Step 2 - Diagnose the failed region​
Check the state of the platform pods in the failed region:
kubectl --context arn:aws:eks:us-east-1:123456789012:cluster/platform-multi-region-us-east-1 \
get pods -n vcluster-platform -l app=loft
Check pod logs for errors:
kubectl --context arn:aws:eks:us-east-1:123456789012:cluster/platform-multi-region-us-east-1 \
logs -n vcluster-platform -l app=loft --tail=50
Check the ALB and ingress status:
kubectl --context arn:aws:eks:us-east-1:123456789012:cluster/platform-multi-region-us-east-1 \
get ingress -n vcluster-platform loft
Common failure causes:
- Pod crashes (CrashLoopBackOff): Check logs for database connectivity errors or resource exhaustion.
- Node failures: Check
kubectl get nodesforNotReadynodes. - ALB unhealthy: Verify the ALB target group health in the AWS console or
with
aws elbv2 describe-target-health. - Network partition: Verify that VPC peering between the cluster VPC and the database VPC is active, that routes exist on the correct route tables (including public route tables if nodes are in public subnets), and that the database security group allows port 3306 from the cluster VPC CIDR.
Step 3 - Restore the failed region​
The recovery steps depend on the failure cause.
If pods are crashlooping or unhealthy, restart the deployment:
kubectl --context arn:aws:eks:us-east-1:123456789012:cluster/platform-multi-region-us-east-1 \
rollout restart deployment/loft -n vcluster-platform
If the deployment is scaled to zero or missing, re-apply the values file:
- vCluster CLI
- Helm
vcluster platform start \
--namespace vcluster-platform \
--kube-context arn:aws:eks:us-east-1:123456789012:cluster/platform-multi-region-us-east-1 \
--values platform-us-east-1-values.yaml \
--upgrade \
--no-tunnel
helm upgrade loft vcluster-platform --install --create-namespace --repository-config='' \
--namespace vcluster-platform \
--repo "https://charts.loft.sh/" \
--version 4.8.0 \
--kube-context arn:aws:eks:us-east-1:123456789012:cluster/platform-multi-region-us-east-1 \
-f platform-us-east-1-values.yaml \
--server-side=true --force-conflicts
Then scale up if needed:
kubectl --context arn:aws:eks:us-east-1:123456789012:cluster/platform-multi-region-us-east-1 \
scale deployment -n vcluster-platform loft --replicas=3
If the EKS cluster itself is down, follow the AWS documentation to restore the cluster or create a replacement, then redeploy the platform using the region's values file.
Step 4 - Wait for the rollout to complete​
kubectl --context arn:aws:eks:us-east-1:123456789012:cluster/platform-multi-region-us-east-1 \
rollout status deployment/loft -n vcluster-platform
Step 5 - Verify recovery​
Confirm the Route 53 health check for the restored region returns healthy:
aws route53 get-health-check-status --health-check-id xxxxxxxx-xxxx-xxxx-xxxx-xxxxxxxxxxxx \
--query 'HealthCheckObservations[].{Region:Region,Status:StatusReport.Status}' \
--output table
Route 53 health checks run every 10 seconds with a failure threshold of 3. After the platform becomes healthy, expect up to 30 seconds before the health check status updates.

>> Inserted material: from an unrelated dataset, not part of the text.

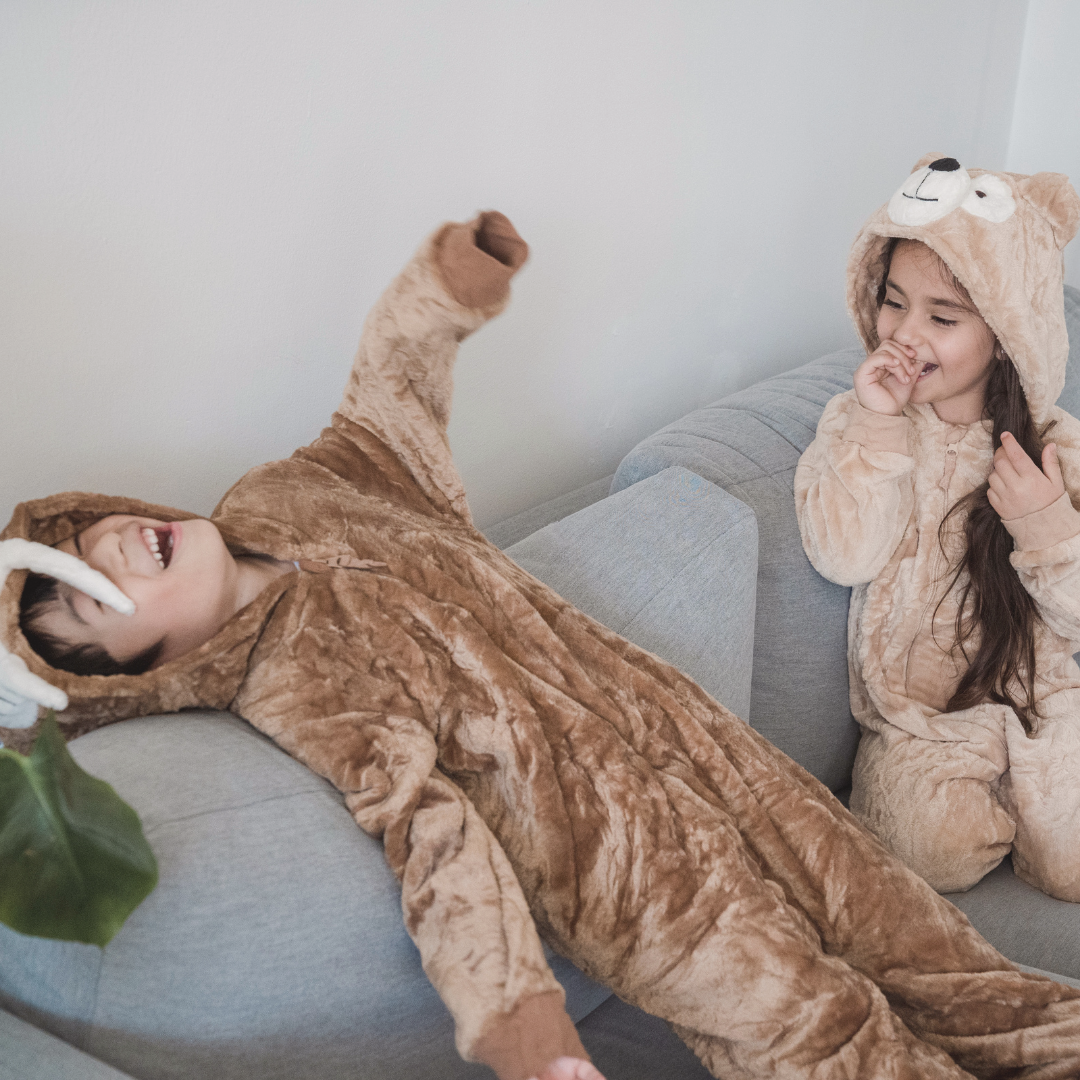 Adorable themed onesies featuring cute animal designs, funny phrases, and playful patterns, perfect for babies and toddlers to showcase their style and personality.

DNS clients with cached responses may take an additional 60 seconds (the ALB alias record TTL) to start resolving to the restored region.
Verify both regions are serving traffic:
for CTX in arn:aws:eks:us-east-1:123456789012:cluster/platform-multi-region-us-east-1 arn:aws:eks:eu-west-1:123456789012:cluster/platform-multi-region-eu-west-1; do
echo "=== $CTX ==="
kubectl --context "$CTX" get pods -n vcluster-platform -l app=loft
echo
done
Confirm the custom DERP server is operational by checking for NetworkPeer
resources:
kubectl --context arn:aws:eks:us-east-1:123456789012:cluster/platform-multi-region-us-east-1 \
get networkpeers.storage.loft.sh -A
Both peers should show Online: true.